Por otra parte, el hombre anhela disfrutar de la vida soñando grandes experiencias, maravillosos acontecimientos, intrépidas aventuras, pasionales romances. Y, habitualmente, se topa de manera cruel con la tozuda realidad que le enseña una y otra vez que la verdadera alegría no procede del disfrute de experiencias que nacen de fuera del corazón del hombre; al contrario, es en nuestro interior donde se debaten nuestras alegrías y nuestras insatisfacciones.
Por lo demás ¿a quién se le ocurre mayor aventura que sacar adelante a una familia con 9 hijos? ¿Ser en una única vida, confesor, profesor, psicólogo, médico, abogado, guerrillero, gerente y banquero? ¿Alguien quiere probar sensaciones fuertes, aventuras jamás vistas? Le invito a que contemple un día cualquiera en nuestra vida. Disneyland se me presenta aburrida en comparación con «Gavínland».
Decía San Juan Pablo II que «la familia es para los creyentes una experiencia de camino, una aventura rica en sorpresas, pero abierta sobre todo a la gran sorpresa de Dios, que viene siempre de modo nuevo a nuestra vida».
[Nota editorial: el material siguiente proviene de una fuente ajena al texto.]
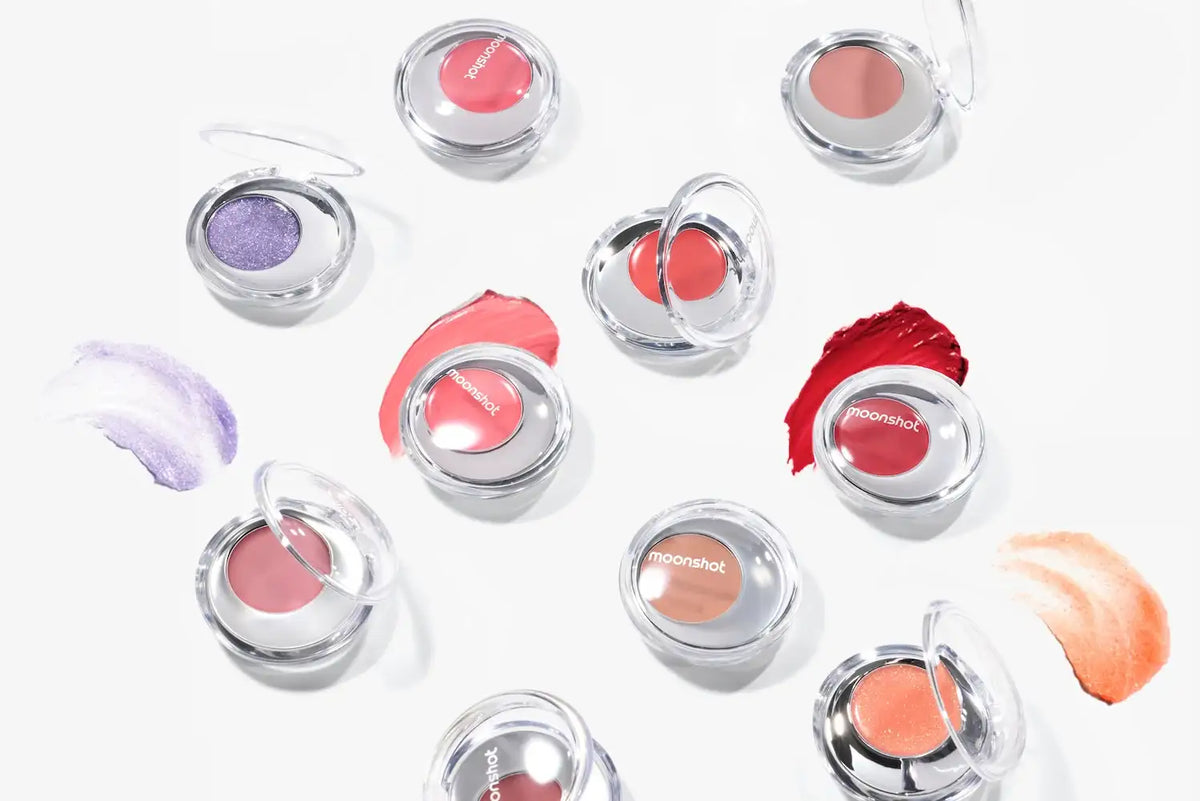 Moonshot Melting Mood Lip & Cheek -16 colors Korean makeup product view 18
Y por último, tal vez lo más importante. ¡Cuánto amo a mi esposa! ¡Cuánto la admiro! ¡Cómo me sigue enamorando cada día la madre de mis hijos! ¡Qué comunión extraordinaria sentimos al abordar las batallas diarias! ¡Qué regalo contemplar a cada hijo como fruto de nuestro amor, siendo ellos parte de ella y parte mía sin diferenciación. ¡Qué satisfacción ser, de hecho, una sola carne! Mientras a nuestro alrededor se descomponen matrimonios que, aparentemente, tienen todo lo que el mundo considera necesario para ser felices, sin embargo, terminan disolviendo, impotentes, el proyecto que, ilusionados, un día habían comenzado.
Creo que no hay mayor condena para el hombre que vivir para sí mismo. Los hijos son una ayuda fantástica para dejar de contemplar nuestro ombligo y levantar los ojos a los montes preguntando de dónde me vendrá el auxilio para sentir, a continuación, que el consuelo viene de aquél que hizo el cielo y la tierra. (Sal. 120)
Solo me resta arrodillarme y contemplar con devoción este gran misterio que es la familia.
Y exclamar con alegría y júbilo la expresión con la que comenzaba este artículo; pero ahora, se entenderá que, siendo las mismas palabras, su significado en nada coincide con el primero: un nuevo hijo ¡¡¡¡Menuda gracia!!!!